If you have gone through the previous stages thoroughly, membership recruitment should flow naturally out of work you have already done. A good communications strategy will keep potential member organisations up to date with your progress. Developing your business plan will have involved you deciding on membership criteria and a recruitment process, ie which organisations will be eligible to be members and how you will recruit and vet them.

Outcomes for this stage

  • You will have launched your consortium to your target membership market.
  • You will have put in place a system for vetting members against membership criteria, and any other systems necessary for ensuring that you get the right organisations joining.

Key activities for this stage

  1. Develop application forms for distribution along with the membership prospectus.
  2. Hold a launch event for your consortium. It is a good idea to invite commissioners along to this, and to use the opportunity to explain how your consortium works.
  3. Put in place a system for reviewing applications against membership criteria. Be aware that you might need to be asking for supporting documentation, such as constitutions and articles of association. If so this can be a resource intensive process.
  4. Recruit a panel to make decisions on membership. Most membership panels operate remotely after an initial meeting. There are often a lot of applications in response to an initial recruitment drive, then the numbers typically fall off.
  5. Ensure that membership panel members are signed up to a confidentiality or mutual non-disclosure agreement, as they will be reviewing commercially sensitive information.
  6. Write your membership process up into a membership prospectus (see templates below). In addition to clearly setting out your criteria and processes for membership, this prospectus will become a useful marketing tool. 

Membership structures

Most voluntary sector consortia have a two-tier membership structure.
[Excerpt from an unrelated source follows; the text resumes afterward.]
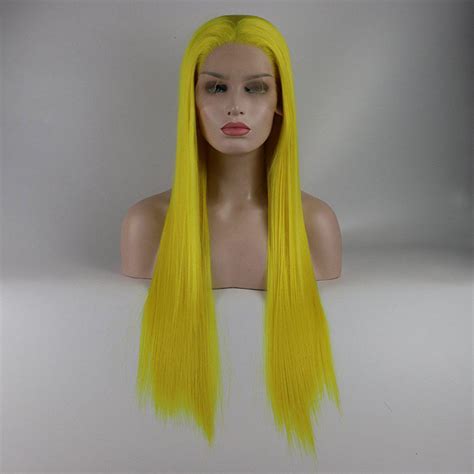 34 Off Light Yellow Long Straight Heat Resistant Synthetic Hair Lace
  • Full members are those that are contract-ready.
  • Associate members are those that require some development before they can take part in a bid.
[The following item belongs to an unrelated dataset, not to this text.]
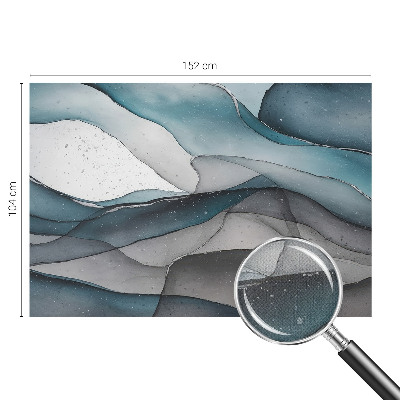 3D photo wallpaper mural with a colorful waves design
For associate members there is usually a plan in place to support them to become contract-ready.

There should also be the possibility for the consortium to engage with very small organisations, even unincorporated associations. The consortium can remunerate them for the delivery of small-scale but nonetheless crucial activities (eg reach and engagement activities within ‘hard-to-reach’ communities) without the need for them to become consortium members and having the burden of going through the membership process. This would involve light touch, non-contracting payment methods, such as spot purchasing and payment on invoice.

A consortium can also subcontract to organisations outside of the membership, including national charities and private-sector organisations. Those organisations do not need to be consortium members and obviously would not have access to the benefits derived from consortium membership.